Abstract—Advances in sensing technology are poised to spark the next shift in human–computer interaction, liberating users from the 2D plane of interaction currently supported by the mouse and touchscreen. New sensors can read users' shape and motion as they move about in three dimensions. What signal-processing algorithms and interaction models are appropriate for this mode of interaction above and beyond the screen? How can we use the more detailed, nuanced information made available by new sensors to enable more expressive interfaces, going beyond what a mouse can do but preserving its familiar predictability? The five articles in this issue deal with these questions, covering the spectrum from specialized sensing hardware to high-level interaction models, across multiple physical scales and applications.

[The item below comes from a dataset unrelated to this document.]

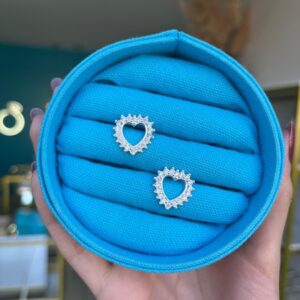 Brinco coração cravejado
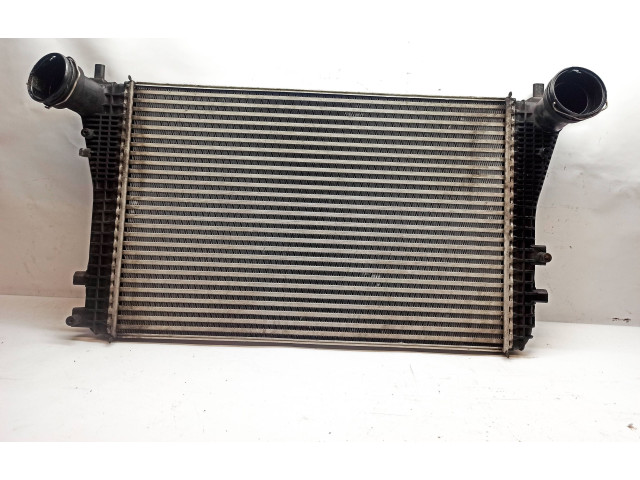 Интеркулер  1K0145803T, N6897002   Volkswagen Eos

Keywords—spatial interfaces; human–computer interaction; computer graphics; multimedia; graphics; sensors; tablet computers; stylus input; multitouch interaction

It's surprising that for all the computer mouse's popularity and utility, it reduces the entirety of the user's input to a single 2D motion in a plane. As human beings, we might bemoan this vast simplification of ourselves. We are, after all, more than a point running around on a flat display! In the real world, we use much of our bodies in everyday tasks, and we communicate powerfully by gesture, gaze, and speech. But the point cursor continues to be a useful input abstraction, even long after our machines can do much more than simple point–rectangle hit testing. The classic event-driven mouse interface is now easy to program, and the mouse's precision is hard to beat, although many have tried. When was the last time you blamed your computer when you tried to click a button and missed?

Touch interfaces expand on the bandwidth of mouse input by adding multitouch capability and ease of use through direct manipulation. Their recent success is due partly to the hardware advances necessary to rapidly sense, process, and render fluid manipulation of onscreen objects. This movement has spurred a wave of innovation generally around interaction models, form factors, and hardware design. Fundamentally, however, even multitouch systems model our input as a small number of contact points confined to a flat screen. Might the next leap in human–computer interaction use more complex models of input to finally liberate us from the display plane?

Transcending 2D Input

Just as the touchscreen-computing era was enabled by refined sensing and signal-processing techniques, the next shift in human–computer interaction might be driven by even more sophisticated sensing techniques. For example, by using cameras and other sensors, future interfaces might exploit knowledge of users’ 3D position and shape as they move in front of the display. Such interfaces might leverage knowledge of the user's pose to enable gesture-based input from a distance. Applications involving rendering and manipulation of 3D graphics abound, including CAD, data visualization, and augmented reality. Recently, commodity depth cameras such as the Microsoft Kinect sensor have put sophisticated 3D sensing technology within millions of computer users’ reach.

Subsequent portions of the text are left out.